How to complete this task:
No pictures belong in the copy. Retype exactly, and only, the stretch of lines below from the one with "The apps that" through the one with "Hello, my name".

Data extract:
--------------------------------------------------

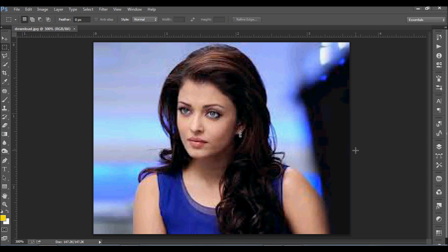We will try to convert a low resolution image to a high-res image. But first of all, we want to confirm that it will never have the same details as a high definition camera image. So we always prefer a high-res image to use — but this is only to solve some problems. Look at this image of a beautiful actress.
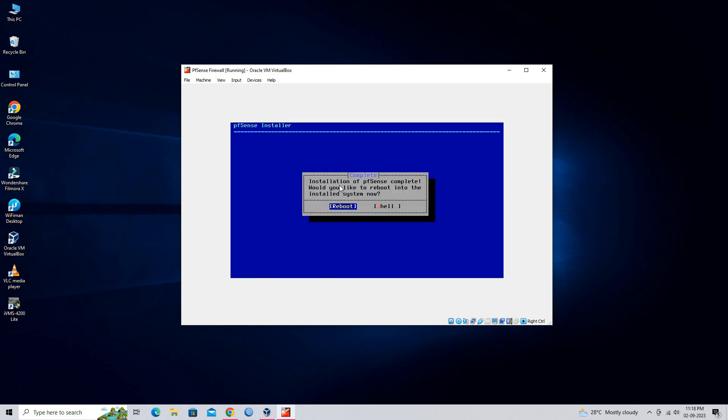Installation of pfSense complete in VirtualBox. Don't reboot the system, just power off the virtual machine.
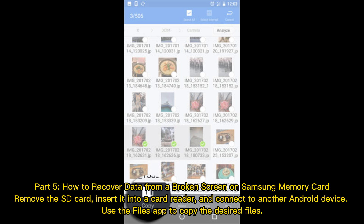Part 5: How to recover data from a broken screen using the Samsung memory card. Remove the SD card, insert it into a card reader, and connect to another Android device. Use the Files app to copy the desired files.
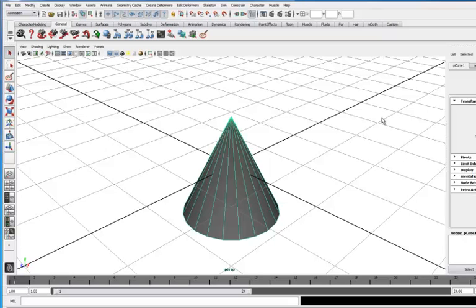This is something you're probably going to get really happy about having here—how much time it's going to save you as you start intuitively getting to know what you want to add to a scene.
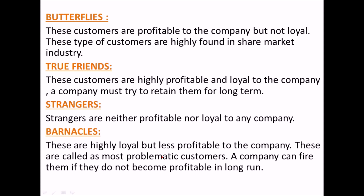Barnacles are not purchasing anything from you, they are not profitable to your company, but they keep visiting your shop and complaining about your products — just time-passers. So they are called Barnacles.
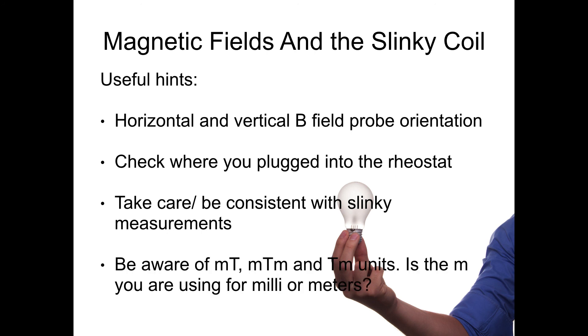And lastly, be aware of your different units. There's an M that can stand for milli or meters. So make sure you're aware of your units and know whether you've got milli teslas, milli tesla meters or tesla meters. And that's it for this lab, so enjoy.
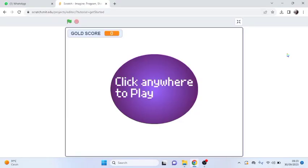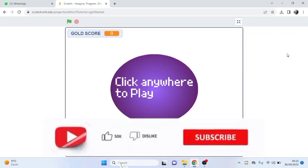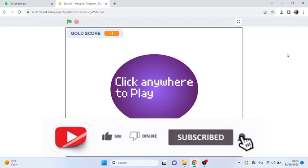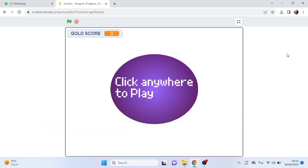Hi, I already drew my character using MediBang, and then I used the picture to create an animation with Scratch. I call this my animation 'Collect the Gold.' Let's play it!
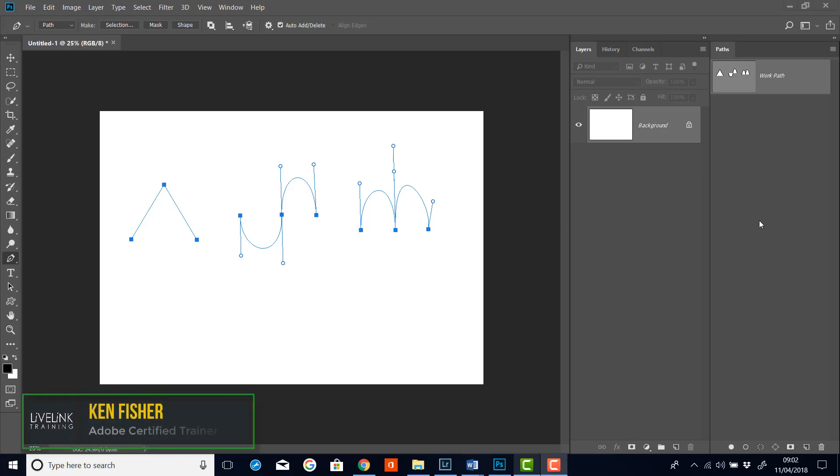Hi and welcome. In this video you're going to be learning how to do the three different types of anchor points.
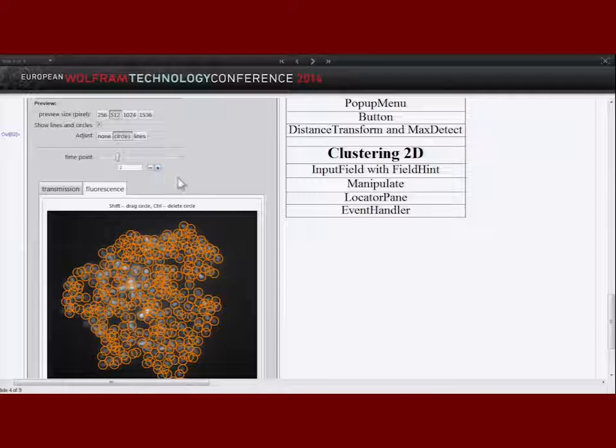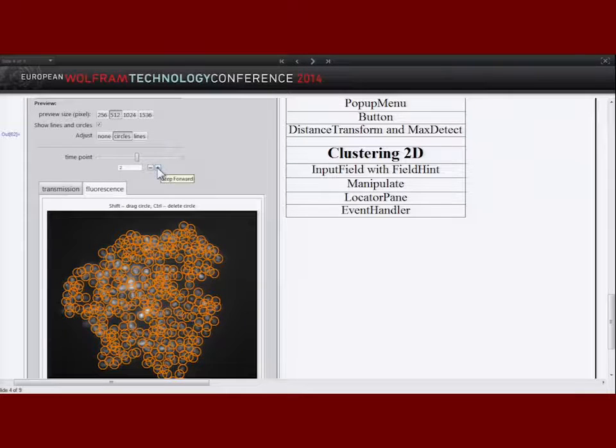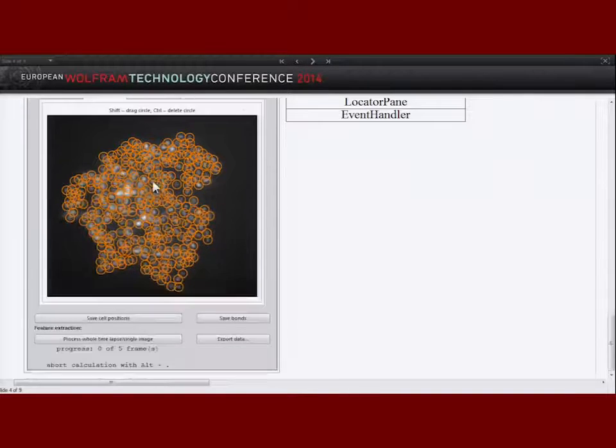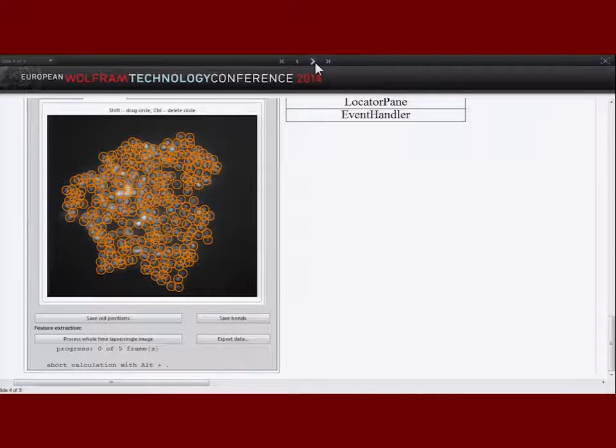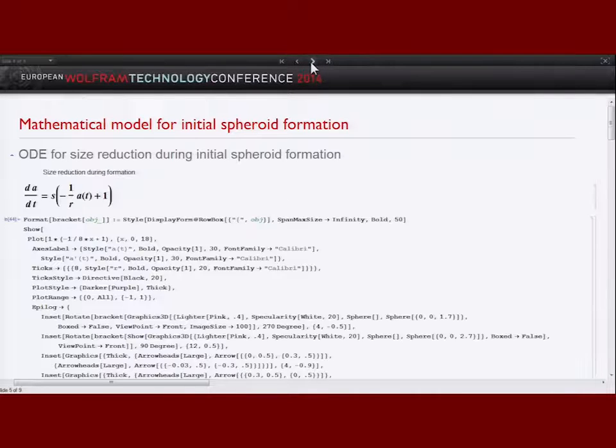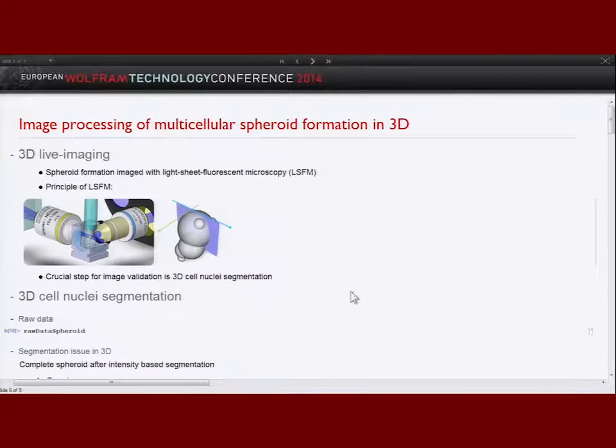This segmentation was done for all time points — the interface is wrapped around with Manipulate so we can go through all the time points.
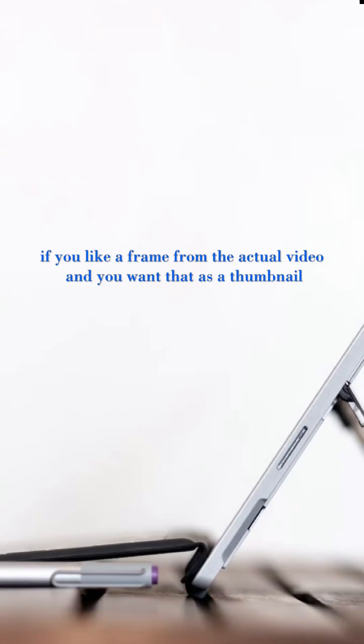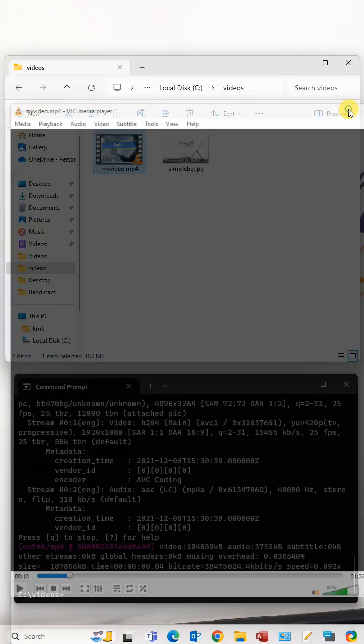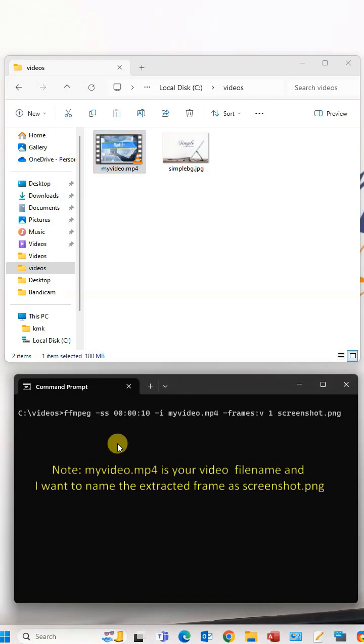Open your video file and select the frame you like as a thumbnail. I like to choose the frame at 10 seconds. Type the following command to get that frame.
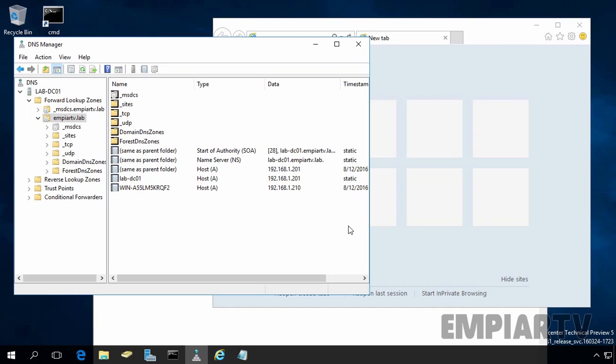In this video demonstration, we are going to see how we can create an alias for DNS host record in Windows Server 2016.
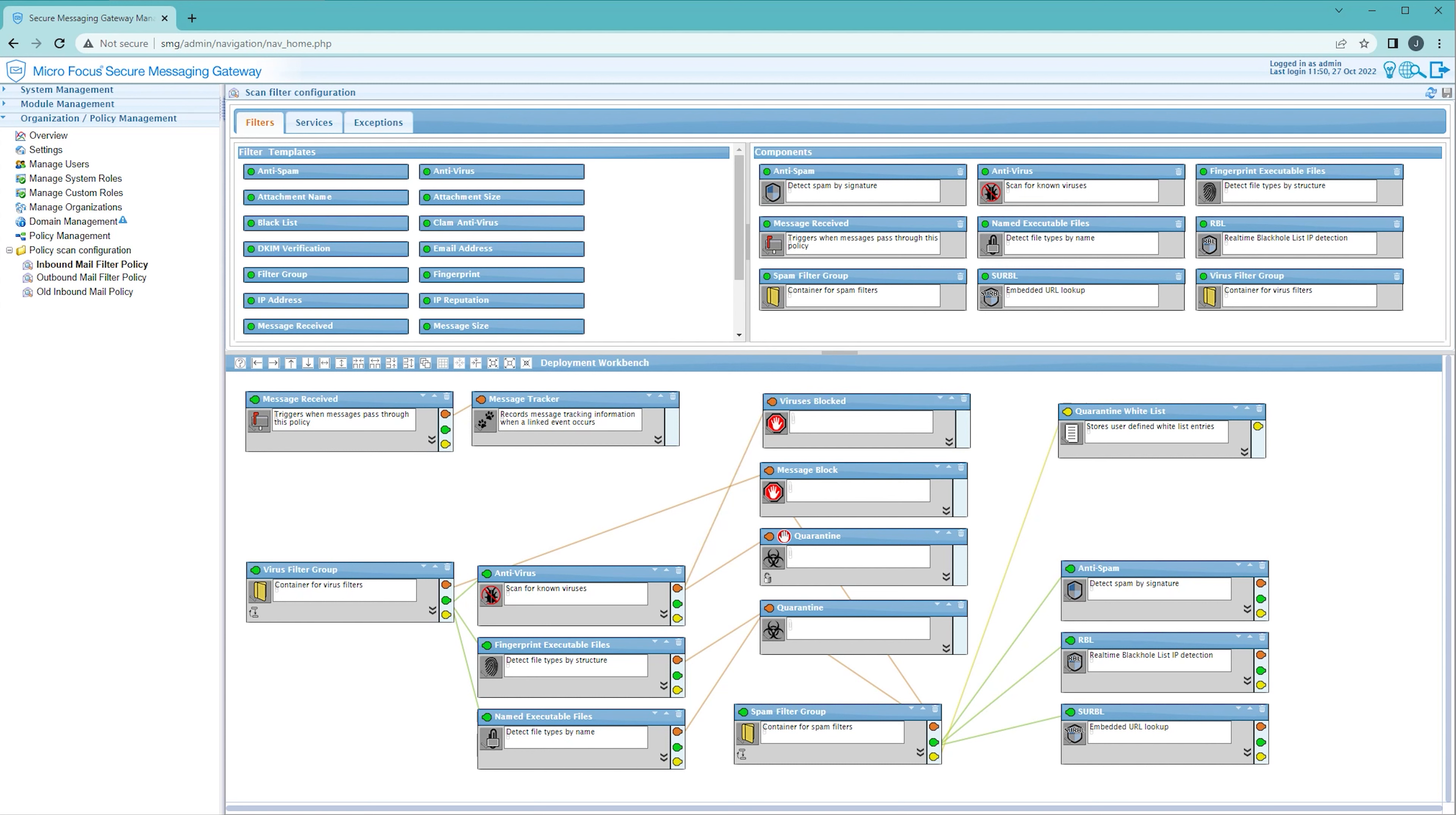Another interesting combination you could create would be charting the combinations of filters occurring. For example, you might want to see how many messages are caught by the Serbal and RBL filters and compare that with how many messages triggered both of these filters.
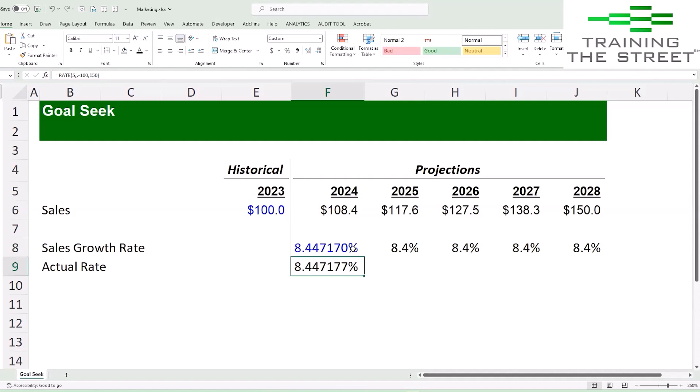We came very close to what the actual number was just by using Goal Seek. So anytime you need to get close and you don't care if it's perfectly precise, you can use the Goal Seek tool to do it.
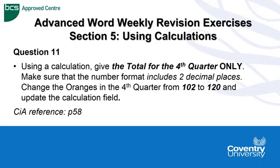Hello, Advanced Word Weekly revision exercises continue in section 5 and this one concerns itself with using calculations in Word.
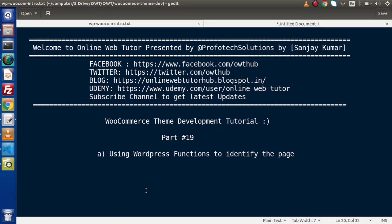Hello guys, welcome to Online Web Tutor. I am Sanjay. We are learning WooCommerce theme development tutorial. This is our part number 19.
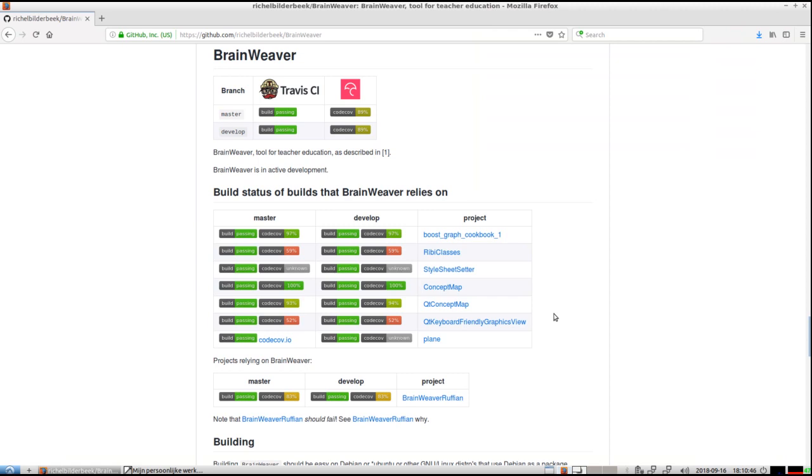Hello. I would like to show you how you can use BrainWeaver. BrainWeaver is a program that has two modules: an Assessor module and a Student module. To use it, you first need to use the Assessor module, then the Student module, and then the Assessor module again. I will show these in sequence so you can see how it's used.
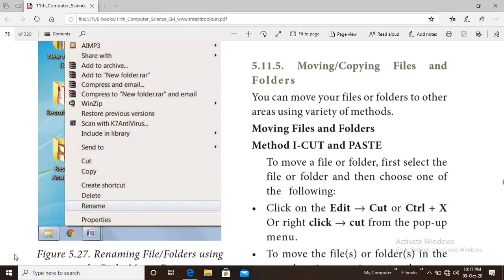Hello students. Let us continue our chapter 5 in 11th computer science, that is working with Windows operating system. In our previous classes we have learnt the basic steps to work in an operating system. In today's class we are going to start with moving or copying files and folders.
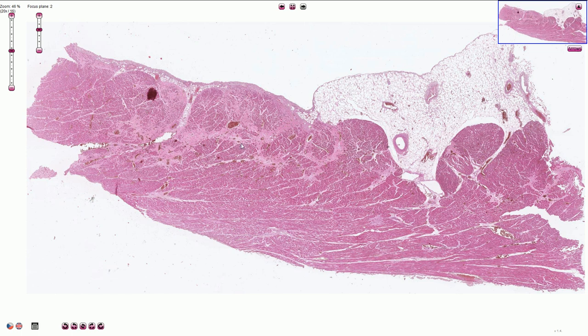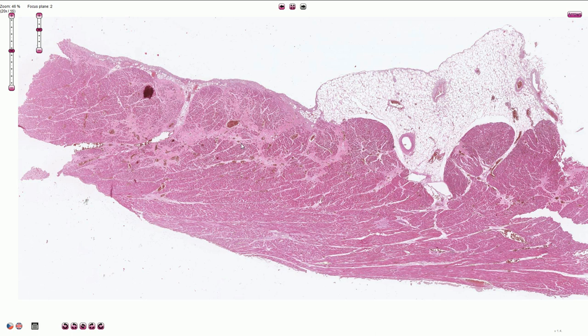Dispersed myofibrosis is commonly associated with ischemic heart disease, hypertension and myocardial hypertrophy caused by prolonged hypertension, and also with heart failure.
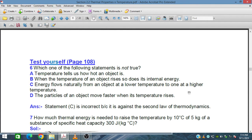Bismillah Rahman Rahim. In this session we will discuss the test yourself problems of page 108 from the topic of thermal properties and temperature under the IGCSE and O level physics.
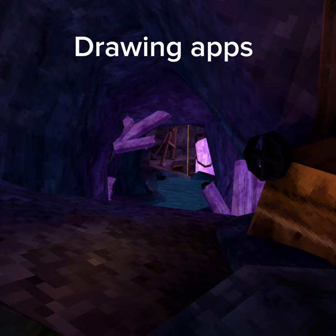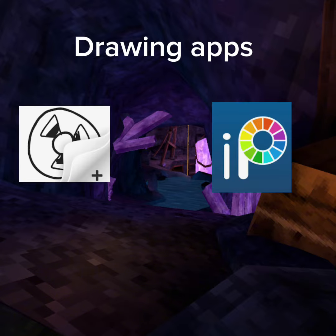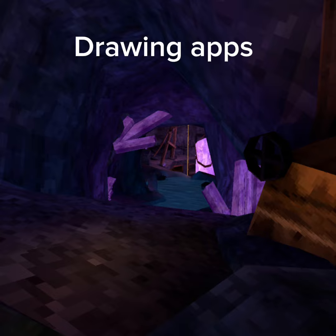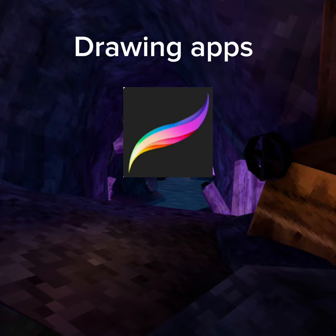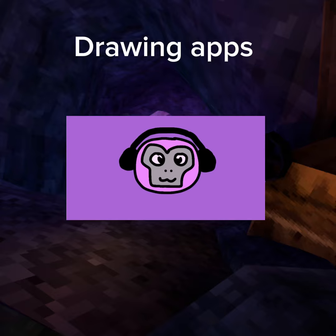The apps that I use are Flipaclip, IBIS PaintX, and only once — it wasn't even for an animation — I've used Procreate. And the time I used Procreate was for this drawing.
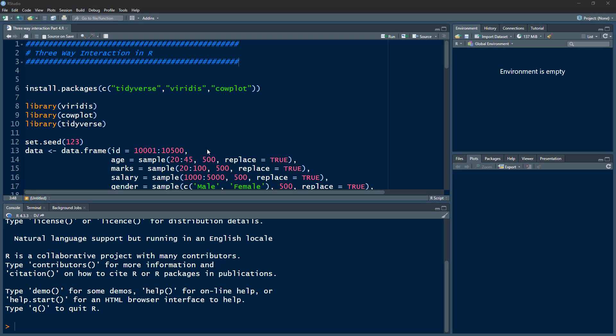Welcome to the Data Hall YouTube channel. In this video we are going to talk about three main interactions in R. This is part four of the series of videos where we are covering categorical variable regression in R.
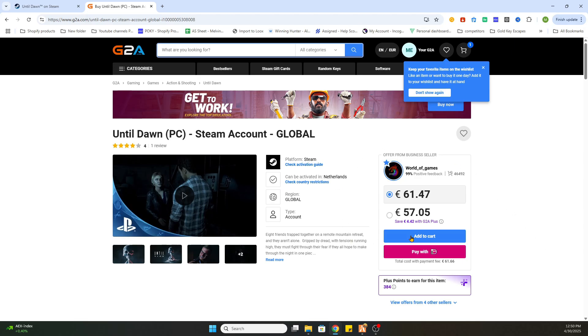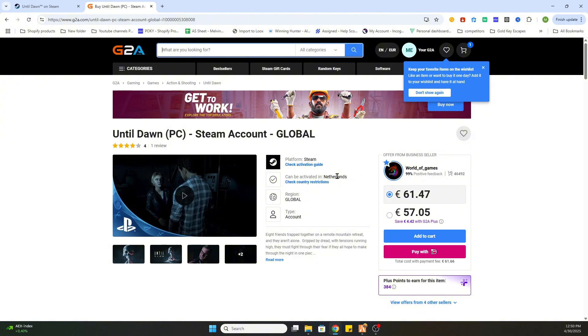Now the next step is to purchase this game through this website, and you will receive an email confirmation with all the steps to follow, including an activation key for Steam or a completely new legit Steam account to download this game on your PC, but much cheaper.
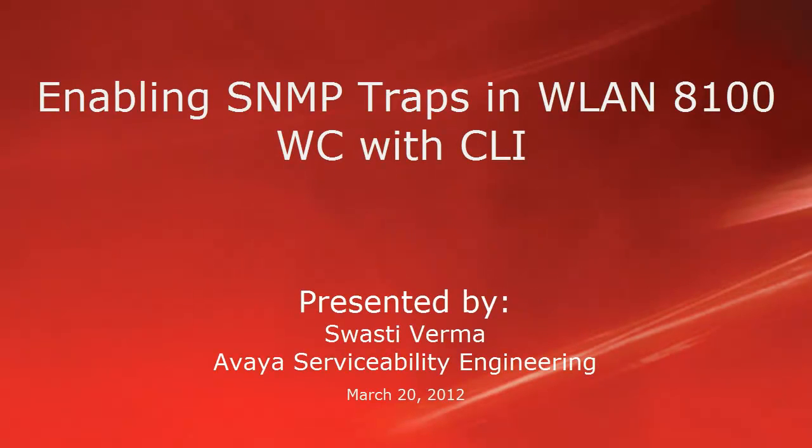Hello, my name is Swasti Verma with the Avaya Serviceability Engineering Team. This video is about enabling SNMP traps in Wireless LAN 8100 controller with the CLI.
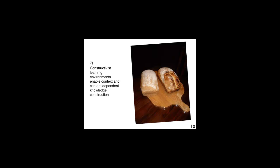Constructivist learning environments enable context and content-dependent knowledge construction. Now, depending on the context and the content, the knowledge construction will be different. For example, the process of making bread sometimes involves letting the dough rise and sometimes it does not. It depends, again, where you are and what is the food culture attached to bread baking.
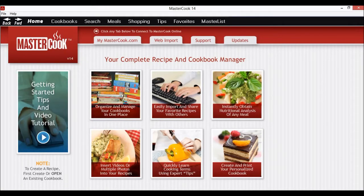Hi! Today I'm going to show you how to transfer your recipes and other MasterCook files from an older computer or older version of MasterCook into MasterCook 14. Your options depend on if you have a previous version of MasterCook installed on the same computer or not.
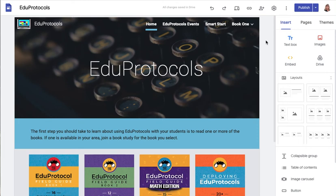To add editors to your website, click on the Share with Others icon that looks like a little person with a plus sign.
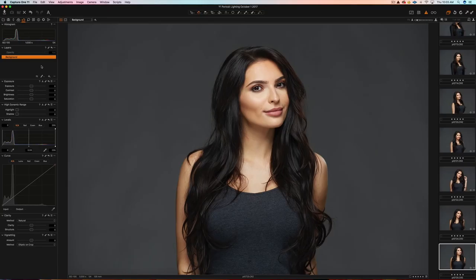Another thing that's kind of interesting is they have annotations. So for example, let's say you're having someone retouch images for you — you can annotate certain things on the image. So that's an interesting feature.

--------------------------------------------------

Response to the exercise:
The apps that I use are Flipaclip, IBIS PaintX, and only once — it wasn't even for an animation — I've used Procreate. And the time I used Procreate was for this drawing.
Welcome to the Data Hall YouTube channel. In this video we are going to talk about three main interactions in R. This is part four of the series of videos where we are covering categorical variable regression in R.
Now the next step is to purchase this game through this website, and you will receive an email confirmation with all the steps to follow, including an activation key for Steam or a completely new legit Steam account to download this game on your PC, but much cheaper.
Hello, my name is Swasti Verma with the Avaya Serviceability Engineering Team. This video is about enabling SNMP traps in Wireless LAN 8100 controller with the CLI.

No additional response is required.